-- Provided entries --
####

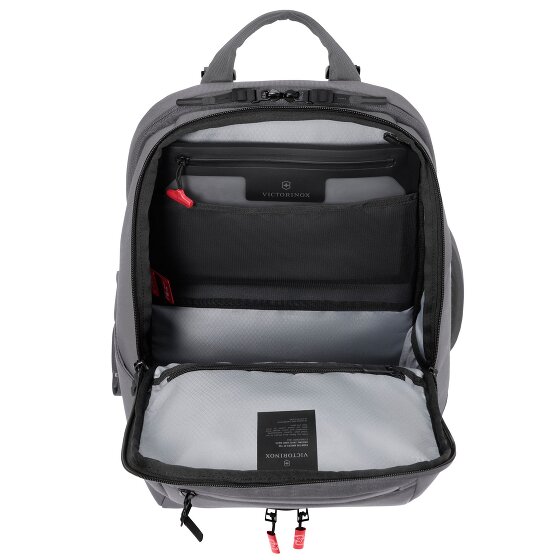 Victorinox Zaino Touring 2.0 Scomparto per laptop da 45 cm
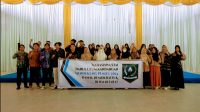 IMG-20240210-WA0010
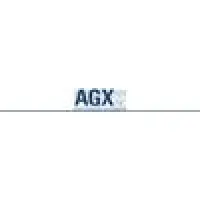 Agx Inc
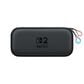 Nintendo Switch 2 Carrying Case & Screen Protector - Releases 6/5/2025, , large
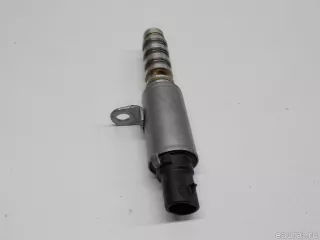 243552E100 Hyundai-Kia Клапан ГРМ Kia K5 3 Арт E41177388, вид 3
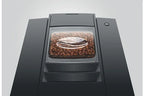 Jura E4 PIANO BLACK Kaffeemaschine
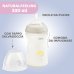 Chicco NaturalFeeling Biberon Flusso Rapido 330ml 6m+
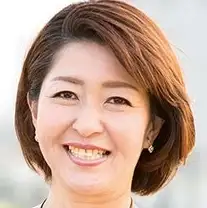 Yoko Nagakatanomiya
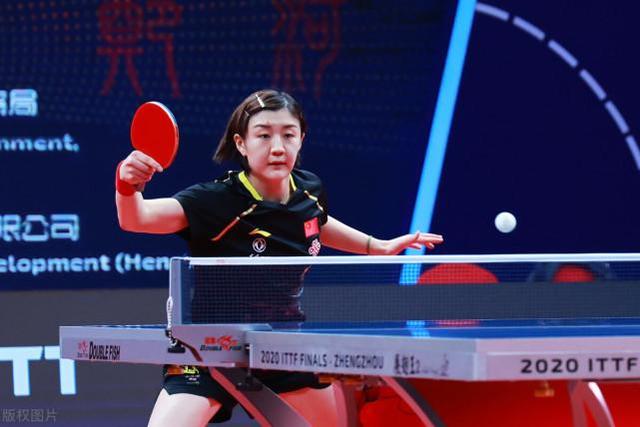 员的竞技水 员的竞技水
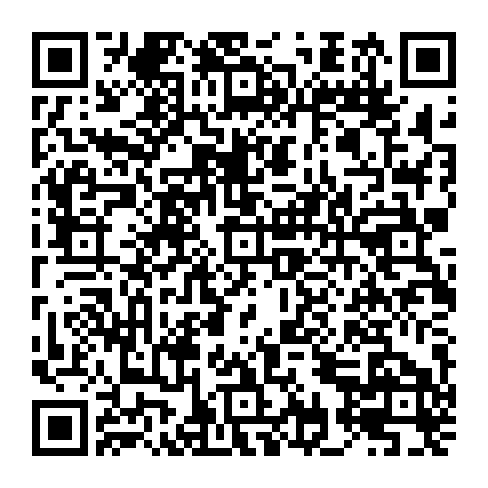 73452212000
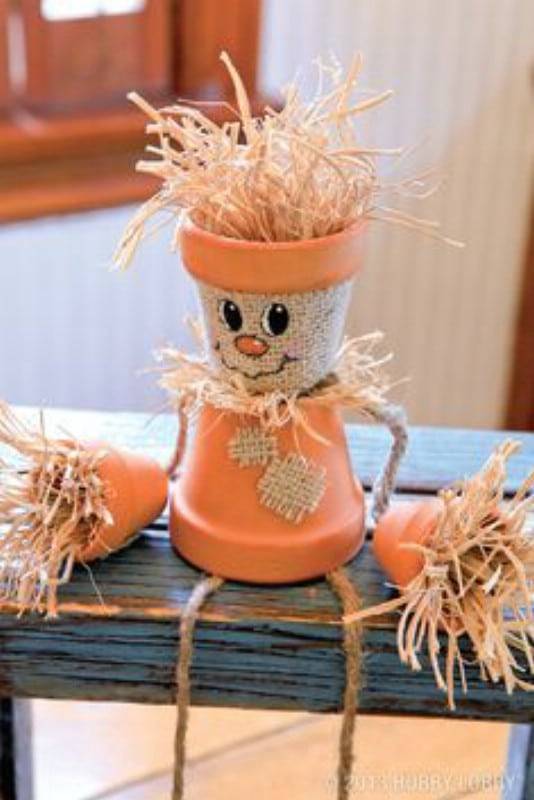 Best Garden Art Diy Projects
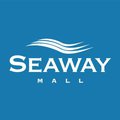 Seaway Mall logo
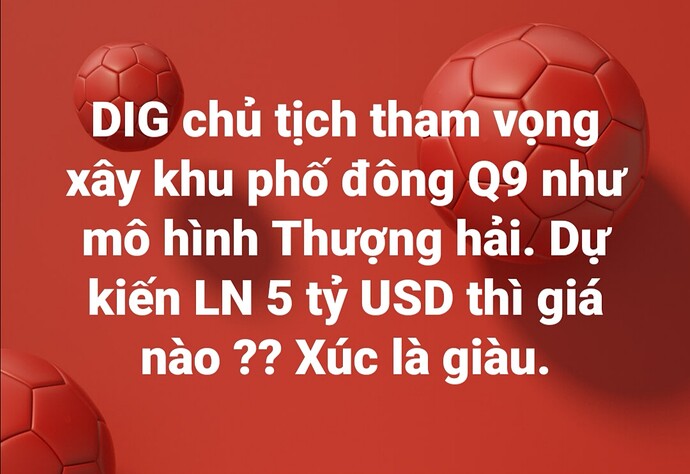 Screenshot_20211214_091800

####

Only the lines from the one containing "Nintendo Switch 2" through the last line of the material should be returned, exactly and without pictures.

 Nintendo Switch 2 Carrying Case & Screen Protector - Releases 6/5/2025, , large
 243552E100 Hyundai-Kia Клапан ГРМ Kia K5 3 Арт E41177388, вид 3
 Jura E4 PIANO BLACK Kaffeemaschine
 Chicco NaturalFeeling Biberon Flusso Rapido 330ml 6m+
 Yoko Nagakatanomiya
 员的竞技水 员的竞技水
 73452212000
 Best Garden Art Diy Projects
 Seaway Mall logo
 Screenshot_20211214_091800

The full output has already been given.